Over the years I've found sidestepping worked to a point and if it were me we would all be contracting Norovirus about 5 days before hand and the GP would be advising we don't see people over Christmas. I'd also write a letter to her GP to get this on record with a view to self preservation in the future. So sorry you are going through this Flowers

WonderMike · 06/12/2016 17:11

You know what - just stop I mean it nicely, but stop

You cannot be the daughter she wants or needs. Even if you were/could be/had been she would forget or turn it around as suited. Whatever you do is never going to be enough.

And now it's not just you, it's your precious baby who is going to be manipulated, hurt, confused. Whatever you did to get by with her when it was just you, will not work now you have a child, and so you have to stop. It's just not fair on him.

SukeyTakeItOffAgain · 06/12/2016 17:16

OP do you ever feel like you've caught a brief glance of the person she could have been? Like the mists clear for a minute, an hour, even a day? But then they descend again.
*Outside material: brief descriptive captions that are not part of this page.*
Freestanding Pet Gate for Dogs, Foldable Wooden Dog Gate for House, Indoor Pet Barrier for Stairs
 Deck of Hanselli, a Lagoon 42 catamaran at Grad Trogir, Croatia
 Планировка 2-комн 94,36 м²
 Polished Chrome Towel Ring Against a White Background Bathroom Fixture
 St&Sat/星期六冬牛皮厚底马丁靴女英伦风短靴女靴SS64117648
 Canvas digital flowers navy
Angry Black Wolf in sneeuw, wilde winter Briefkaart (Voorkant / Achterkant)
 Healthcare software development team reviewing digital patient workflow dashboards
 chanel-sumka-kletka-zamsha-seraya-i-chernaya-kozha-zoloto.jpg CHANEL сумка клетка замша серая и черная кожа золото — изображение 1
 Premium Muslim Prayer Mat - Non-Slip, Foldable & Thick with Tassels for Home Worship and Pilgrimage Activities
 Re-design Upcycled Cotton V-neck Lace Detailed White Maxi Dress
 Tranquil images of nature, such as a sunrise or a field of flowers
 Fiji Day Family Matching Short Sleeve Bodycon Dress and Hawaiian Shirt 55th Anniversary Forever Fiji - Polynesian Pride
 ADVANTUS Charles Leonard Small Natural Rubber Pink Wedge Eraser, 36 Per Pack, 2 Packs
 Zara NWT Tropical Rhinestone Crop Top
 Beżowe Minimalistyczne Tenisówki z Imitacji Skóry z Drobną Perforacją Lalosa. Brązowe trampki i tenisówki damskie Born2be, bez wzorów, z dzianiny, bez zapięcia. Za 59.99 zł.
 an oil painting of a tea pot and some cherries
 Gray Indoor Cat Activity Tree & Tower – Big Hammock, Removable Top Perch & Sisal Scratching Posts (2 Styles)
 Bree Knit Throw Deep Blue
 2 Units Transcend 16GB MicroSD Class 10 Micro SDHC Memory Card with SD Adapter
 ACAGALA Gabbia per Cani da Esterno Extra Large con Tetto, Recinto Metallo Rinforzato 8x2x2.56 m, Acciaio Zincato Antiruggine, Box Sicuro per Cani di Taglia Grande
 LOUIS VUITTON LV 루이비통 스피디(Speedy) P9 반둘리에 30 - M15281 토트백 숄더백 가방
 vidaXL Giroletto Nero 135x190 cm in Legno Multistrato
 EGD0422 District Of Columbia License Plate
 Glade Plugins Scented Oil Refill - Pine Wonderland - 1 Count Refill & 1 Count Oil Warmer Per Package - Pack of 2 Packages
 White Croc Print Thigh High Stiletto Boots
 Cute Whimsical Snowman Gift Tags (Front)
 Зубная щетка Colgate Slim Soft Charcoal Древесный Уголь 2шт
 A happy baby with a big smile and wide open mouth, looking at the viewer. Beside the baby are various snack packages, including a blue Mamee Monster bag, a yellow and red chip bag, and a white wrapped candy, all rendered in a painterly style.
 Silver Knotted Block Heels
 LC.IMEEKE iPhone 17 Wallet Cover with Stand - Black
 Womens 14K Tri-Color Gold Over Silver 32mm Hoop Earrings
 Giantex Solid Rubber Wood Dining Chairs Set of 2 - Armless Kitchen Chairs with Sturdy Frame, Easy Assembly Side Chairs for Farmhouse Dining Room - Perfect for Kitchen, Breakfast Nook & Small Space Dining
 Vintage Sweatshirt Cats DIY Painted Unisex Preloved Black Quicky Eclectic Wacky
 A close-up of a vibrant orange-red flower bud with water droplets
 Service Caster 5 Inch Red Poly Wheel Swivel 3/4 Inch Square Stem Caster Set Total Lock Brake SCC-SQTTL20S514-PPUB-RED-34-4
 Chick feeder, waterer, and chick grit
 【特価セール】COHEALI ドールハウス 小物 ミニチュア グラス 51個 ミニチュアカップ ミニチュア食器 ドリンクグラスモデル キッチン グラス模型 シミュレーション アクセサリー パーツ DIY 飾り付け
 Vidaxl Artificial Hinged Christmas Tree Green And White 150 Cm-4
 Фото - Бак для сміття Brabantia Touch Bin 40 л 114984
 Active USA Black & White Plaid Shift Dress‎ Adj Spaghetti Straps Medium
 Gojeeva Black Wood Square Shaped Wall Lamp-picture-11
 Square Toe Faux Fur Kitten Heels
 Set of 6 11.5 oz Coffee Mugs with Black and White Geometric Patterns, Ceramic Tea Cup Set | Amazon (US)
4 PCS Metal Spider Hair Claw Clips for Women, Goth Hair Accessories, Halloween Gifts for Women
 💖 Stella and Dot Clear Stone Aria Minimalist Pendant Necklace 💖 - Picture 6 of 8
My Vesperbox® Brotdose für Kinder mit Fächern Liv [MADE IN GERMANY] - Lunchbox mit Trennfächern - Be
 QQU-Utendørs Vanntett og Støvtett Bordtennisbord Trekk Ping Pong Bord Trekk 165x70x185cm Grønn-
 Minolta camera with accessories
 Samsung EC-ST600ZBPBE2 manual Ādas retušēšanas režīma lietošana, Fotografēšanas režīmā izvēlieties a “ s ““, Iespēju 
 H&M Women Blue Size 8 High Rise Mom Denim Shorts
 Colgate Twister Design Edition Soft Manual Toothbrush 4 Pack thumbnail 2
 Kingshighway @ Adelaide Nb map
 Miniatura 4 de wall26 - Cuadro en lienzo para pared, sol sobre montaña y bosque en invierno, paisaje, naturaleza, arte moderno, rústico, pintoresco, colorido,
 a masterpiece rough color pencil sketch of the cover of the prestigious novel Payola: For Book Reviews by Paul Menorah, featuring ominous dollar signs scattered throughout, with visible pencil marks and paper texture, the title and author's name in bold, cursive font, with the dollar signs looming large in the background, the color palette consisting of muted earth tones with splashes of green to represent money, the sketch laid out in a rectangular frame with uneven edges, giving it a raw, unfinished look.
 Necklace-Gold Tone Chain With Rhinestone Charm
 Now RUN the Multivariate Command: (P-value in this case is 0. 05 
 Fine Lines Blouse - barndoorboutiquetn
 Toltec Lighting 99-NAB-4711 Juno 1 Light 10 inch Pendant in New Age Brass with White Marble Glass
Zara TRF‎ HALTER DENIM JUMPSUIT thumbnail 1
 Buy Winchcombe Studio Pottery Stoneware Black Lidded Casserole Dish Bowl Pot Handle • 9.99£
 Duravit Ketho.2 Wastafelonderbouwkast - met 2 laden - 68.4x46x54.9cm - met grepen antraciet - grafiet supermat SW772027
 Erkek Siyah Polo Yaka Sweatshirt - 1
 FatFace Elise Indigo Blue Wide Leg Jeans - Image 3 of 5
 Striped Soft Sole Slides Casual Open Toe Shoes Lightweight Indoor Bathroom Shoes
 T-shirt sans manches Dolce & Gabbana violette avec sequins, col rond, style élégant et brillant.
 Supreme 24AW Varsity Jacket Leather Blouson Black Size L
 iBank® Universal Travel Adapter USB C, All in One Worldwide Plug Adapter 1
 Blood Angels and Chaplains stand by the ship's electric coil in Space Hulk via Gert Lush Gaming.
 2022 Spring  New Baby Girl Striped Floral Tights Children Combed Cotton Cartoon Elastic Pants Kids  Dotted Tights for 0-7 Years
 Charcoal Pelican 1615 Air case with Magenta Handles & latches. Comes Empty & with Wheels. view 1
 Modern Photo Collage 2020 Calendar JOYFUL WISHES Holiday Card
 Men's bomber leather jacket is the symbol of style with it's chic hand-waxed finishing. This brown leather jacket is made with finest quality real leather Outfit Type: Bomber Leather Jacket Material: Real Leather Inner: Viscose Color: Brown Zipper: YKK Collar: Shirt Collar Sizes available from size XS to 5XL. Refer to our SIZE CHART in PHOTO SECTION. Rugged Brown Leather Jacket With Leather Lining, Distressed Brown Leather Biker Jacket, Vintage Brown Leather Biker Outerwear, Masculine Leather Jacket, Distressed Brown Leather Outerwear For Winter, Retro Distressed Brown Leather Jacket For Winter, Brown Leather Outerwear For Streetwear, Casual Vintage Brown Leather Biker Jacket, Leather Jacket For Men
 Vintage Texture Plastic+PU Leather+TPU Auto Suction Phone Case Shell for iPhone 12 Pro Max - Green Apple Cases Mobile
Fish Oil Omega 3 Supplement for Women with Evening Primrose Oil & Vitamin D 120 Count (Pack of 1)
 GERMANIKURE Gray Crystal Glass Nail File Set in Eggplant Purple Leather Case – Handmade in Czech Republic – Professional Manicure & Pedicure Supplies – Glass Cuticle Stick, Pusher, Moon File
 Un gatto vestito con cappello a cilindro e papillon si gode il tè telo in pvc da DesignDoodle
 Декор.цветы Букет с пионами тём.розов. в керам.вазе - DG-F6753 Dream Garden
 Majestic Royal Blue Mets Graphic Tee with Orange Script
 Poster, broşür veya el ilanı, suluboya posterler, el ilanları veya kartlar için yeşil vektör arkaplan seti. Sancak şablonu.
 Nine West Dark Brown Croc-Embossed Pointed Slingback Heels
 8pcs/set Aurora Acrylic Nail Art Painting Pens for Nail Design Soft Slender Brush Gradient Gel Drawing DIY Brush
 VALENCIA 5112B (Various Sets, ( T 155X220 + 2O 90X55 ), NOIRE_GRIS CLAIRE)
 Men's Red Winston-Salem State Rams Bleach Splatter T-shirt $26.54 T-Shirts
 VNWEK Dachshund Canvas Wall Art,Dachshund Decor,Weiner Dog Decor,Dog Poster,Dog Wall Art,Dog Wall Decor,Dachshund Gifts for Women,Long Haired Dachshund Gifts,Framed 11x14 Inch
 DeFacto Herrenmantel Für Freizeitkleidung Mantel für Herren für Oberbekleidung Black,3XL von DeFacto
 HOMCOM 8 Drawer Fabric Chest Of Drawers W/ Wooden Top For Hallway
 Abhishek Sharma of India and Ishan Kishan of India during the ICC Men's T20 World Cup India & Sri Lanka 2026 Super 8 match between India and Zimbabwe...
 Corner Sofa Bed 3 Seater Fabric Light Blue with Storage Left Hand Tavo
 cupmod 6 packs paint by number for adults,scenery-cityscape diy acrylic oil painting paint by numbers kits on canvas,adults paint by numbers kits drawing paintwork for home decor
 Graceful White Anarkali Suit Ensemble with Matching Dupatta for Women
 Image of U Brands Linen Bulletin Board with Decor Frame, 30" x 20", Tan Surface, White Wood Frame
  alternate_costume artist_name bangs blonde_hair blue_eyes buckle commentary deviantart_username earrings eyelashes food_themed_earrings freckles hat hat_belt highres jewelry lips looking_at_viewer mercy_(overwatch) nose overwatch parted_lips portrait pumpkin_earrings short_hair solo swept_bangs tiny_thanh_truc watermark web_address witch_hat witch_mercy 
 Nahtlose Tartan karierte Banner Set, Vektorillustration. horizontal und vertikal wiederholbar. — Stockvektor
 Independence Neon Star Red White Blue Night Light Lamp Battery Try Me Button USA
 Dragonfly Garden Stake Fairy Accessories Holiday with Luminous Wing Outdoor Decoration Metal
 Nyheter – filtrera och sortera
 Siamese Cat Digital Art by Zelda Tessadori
This is such a good description. My mum has short periods in which she is sharp, funny and very good company. There's even an element of warmth and you find yourself thinking "oh she's not so bad, maybe it really is us, maybe we really are ungrateful children who don't appreciate her". Then the cloud/reality descends again - it's like I, her child, have had a rug sharply pulled out from under me and I'm floundering again, and no one who has not experienced a toxic parent can understand. It was always like this.